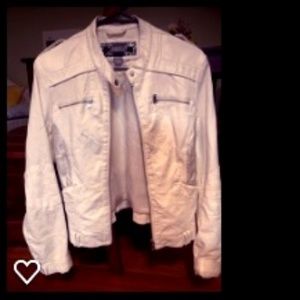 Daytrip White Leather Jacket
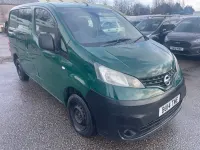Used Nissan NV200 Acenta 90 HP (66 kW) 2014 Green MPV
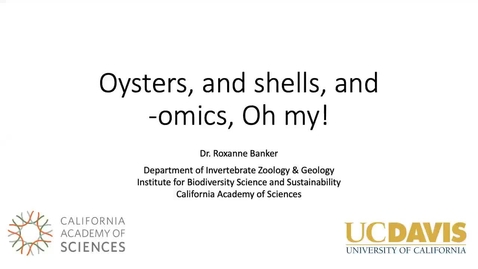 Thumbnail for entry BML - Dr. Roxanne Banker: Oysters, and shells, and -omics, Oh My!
---
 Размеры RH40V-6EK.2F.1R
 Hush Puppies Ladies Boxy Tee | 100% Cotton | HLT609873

* _Problem statement_
Using the material above, reproduce only the lines that run from the line with "Daytrip White Leather Jacket" up to and including the line with "Thumbnail for entry", exactly, with the pictures dropped.

* _Reply to the exercise_
 Daytrip White Leather Jacket
Used Nissan NV200 Acenta 90 HP (66 kW) 2014 Green MPV
 Thumbnail for entry BML - Dr. Roxanne Banker: Oysters, and shells, and -omics, Oh My!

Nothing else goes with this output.